The market value of Synacor common stock at the time of completion of the merger may be lower or higher than the closing price of Synacor common stock on the last full trading day preceding the public announcement of the proposed merger on February 11, 2020 (the date that Synacor and Qumu entered into the merger agreement), the last full trading day prior to the date that the joint proxy statement/prospectus is filed with the SEC, or the last full trading day prior to the date of Synacor’s and Qumu’s shareholder meetings. Moreover, completion of the merger may occur some time after the requisite shareholder approvals have been obtained. Consequently, at the time Qumu shareholders must decide whether to approve the merger agreement, they will not know the market price of the Synacor common stock they will receive and the market price of the Qumu common stock they will surrender when the merger is actually consummated. The value of the Synacor common stock received by Qumu shareholders will depend on the market price of the Synacor common stock at that time the merger occurs, and the value of the Qumu common stock surrendered by Qumu shareholders will depend on the market price of the Qumu common stock at that time.
The issuance of shares of Synacor common stock to Qumu shareholders in the merger will substantially reduce the percentage interests of Synacor stockholders.
If the merger is completed, Synacor stockholders are expected to own approximately 64.4% of the outstanding shares of Synacor common stock and former Qumu shareholders are expected to own approximately 35.6% of the outstanding shares of Synacor common stock following the completion of the merger. The issuance of shares of Synacor common stock to Qumu shareholders in the merger will cause a significant reduction in the relative percentage interest of current Synacor stockholders in earnings, voting, liquidation value and book and market value.
Whether or not the merger is completed, the announcement and pendency of the merger could impact or cause disruptions in the businesses of Qumu and Synacor, which could have an adverse effect on the businesses and operating results of Qumu and Synacor.
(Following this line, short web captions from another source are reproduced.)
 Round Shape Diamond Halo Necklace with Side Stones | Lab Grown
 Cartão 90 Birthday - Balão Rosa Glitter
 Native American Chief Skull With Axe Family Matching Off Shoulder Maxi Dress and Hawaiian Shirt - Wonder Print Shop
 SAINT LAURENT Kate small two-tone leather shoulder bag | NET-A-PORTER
Whether or not the merger is completed, the announcement and pendency of the merger could cause disruptions in or otherwise negatively impact the businesses and operating results of Qumu and Synacor, including among others:
•Qumu and Synacor employees may experience uncertainty about their future roles with the combined company, which might adversely affect Qumu’s and Synacor’s ability to retain and hire key personnel and other employees;
•the attention of Qumu’s and Synacor’s management may be directed toward completion of the merger and transaction-related considerations and may be diverted from the day-to-day operations and pursuit of other opportunities that could have been beneficial to the businesses of Qumu and Synacor; and
•customers, channel partners, vendors or suppliers may seek to modify or terminate their business relationships with Qumu or Synacor, or delay or defer decisions concerning Qumu’s or Synacor’s products or services or seek alternatives to the products or services offered by Qumu or Synacor.
These disruptions could be exacerbated by a delay in the completion of the merger or termination of the merger agreement and could have an adverse effect on the businesses, operating results or prospects of Qumu and Synacor if the merger is not completed or the business, operating results or prospects of the combined company if the merger is completed.
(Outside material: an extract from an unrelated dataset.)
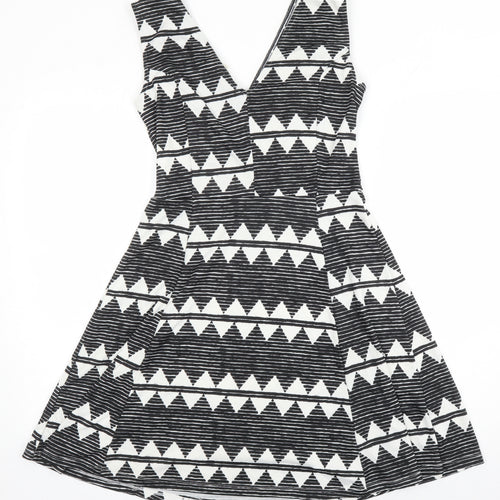 H&M Womens Multicoloured Geometric Polyester A-Line Size M V-Neck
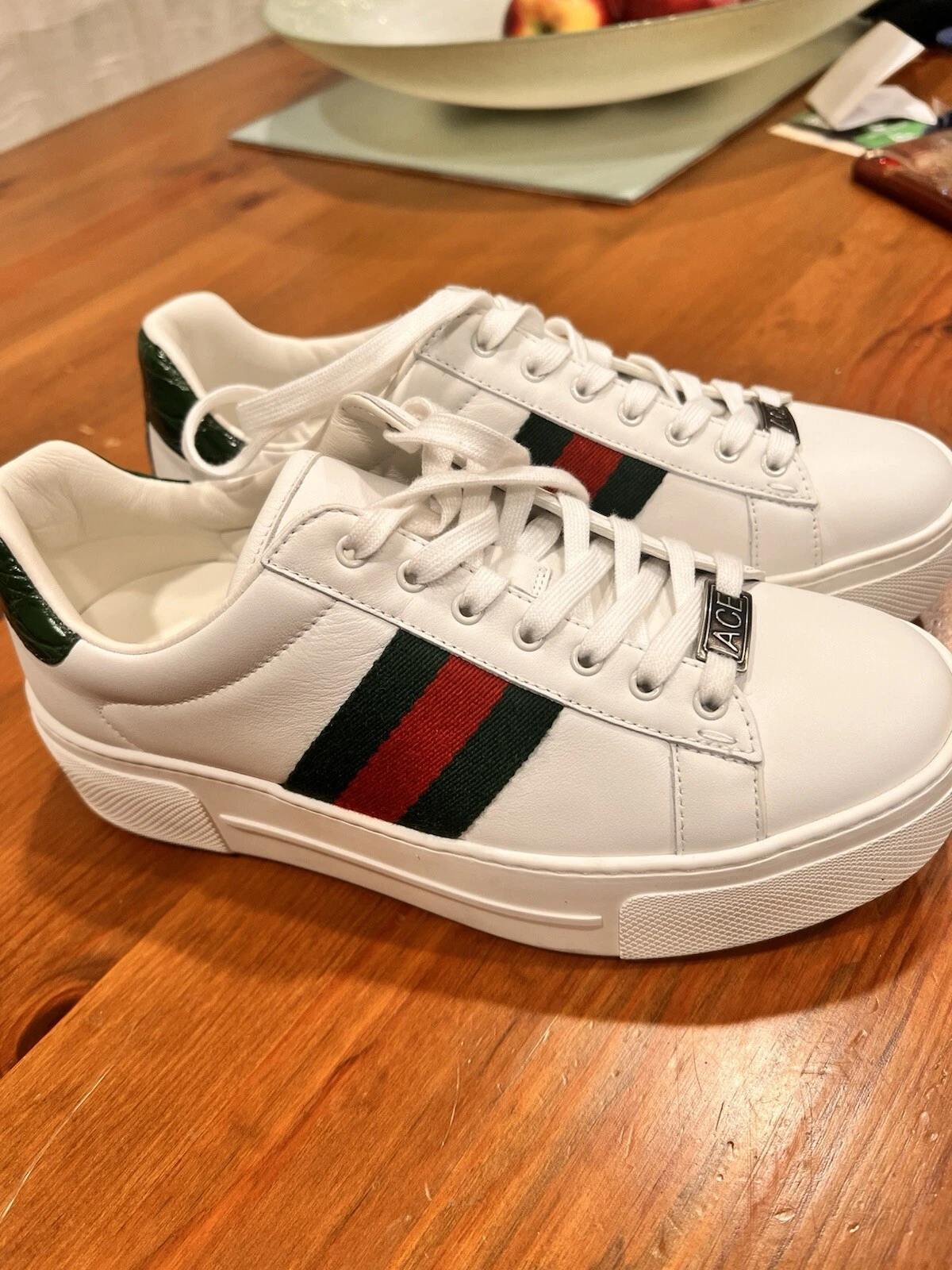 Baskets femme GUCCI Ace plateforme cuir blanc 36,5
Failure to successfully integrate the businesses of Synacor and Qumu in the expected time-frame may adversely affect the combined company’s future results.
Synacor and Qumu entered into the merger agreement with the expectation that the merger will result in various benefits, including certain cost savings and operational efficiencies or synergies. To realize these anticipated benefits, the businesses of Synacor and Qumu must be successfully integrated. Historically, Synacor and Qumu have been independent companies, and they will continue to be operated as such until the completion of the merger. The integration may be complex and time consuming and may require substantial resources and effort. The management of the combined company may face significant challenges in consolidating the operations of Synacor and Qumu, integrating the two companies’ technologies, procedures, and policies, as well as addressing the different corporate cultures of the two companies. If the companies are not successfully integrated, the anticipated benefits of the merger may not be realized fully or at all, or may take longer to realize than expected.
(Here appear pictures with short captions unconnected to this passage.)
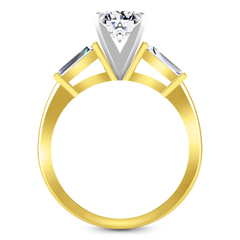 Three Stone Engagement Ring Prong Channel Set Tappered Baguette 14K Yellow Gold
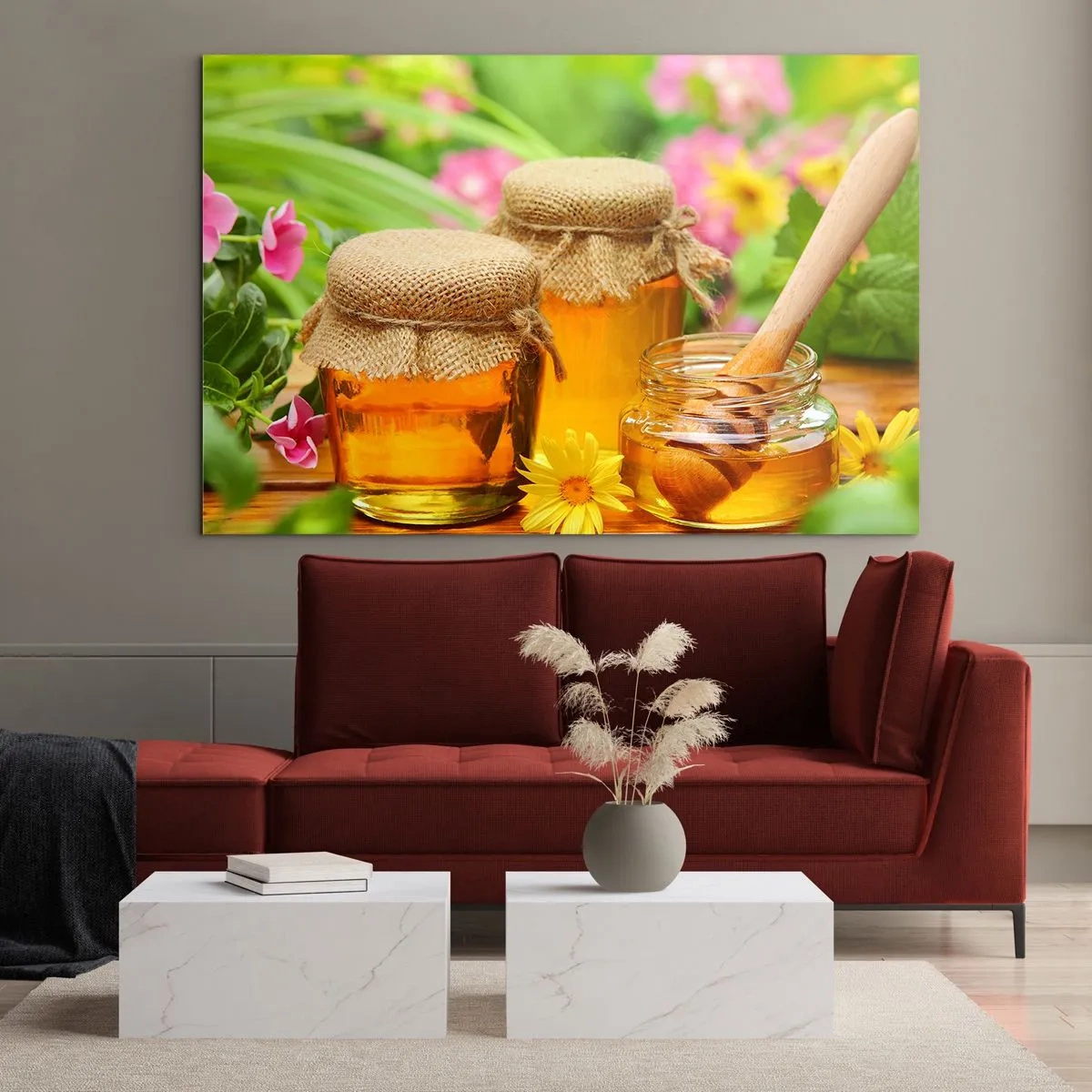 Quadro em vidro - Potes de mel em um fundo de flores no jardim - 70x50cm - Doce e floral - Decoração de parede moderna para a sala de estar e quarto ARTTOR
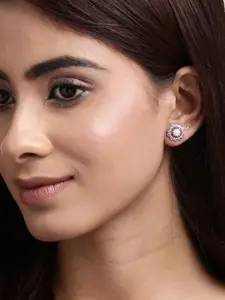 Zavya 925 Pure Sterling Silver Rhodium-Plated Pearls-Studded Contemporary Studs Earrings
Customer uncertainties related to the merger could adversely affect the businesses, revenues and gross margins of Synacor and the combined company.
In response to the announcement of the merger or due to ongoing uncertainty about the merger, customers of Synacor or Qumu may delay or defer purchasing decisions or elect to switch to other suppliers. In particular, prospective customers could be reluctant to purchase the products and services of Synacor or the combined company due to uncertainty about the direction of the combined company’s offerings and willingness to support existing products. To the extent that the merger creates uncertainty among those persons and organizations contemplating purchases such that customers delay, defer or change purchases in connection with the planned merger, the revenues of Synacor or the combined company would be adversely affected. Customer assurances may be made by Synacor and Qumu to address their customers’ uncertainty about the direction of the combined company’s product and related support offerings, which may result in additional obligations of Synacor or the combined company. As a result of any of these actions, quarterly revenues and other operating results of the combined company could be substantially below expectations of market analysts and a decline in the companies’ respective stock prices could result.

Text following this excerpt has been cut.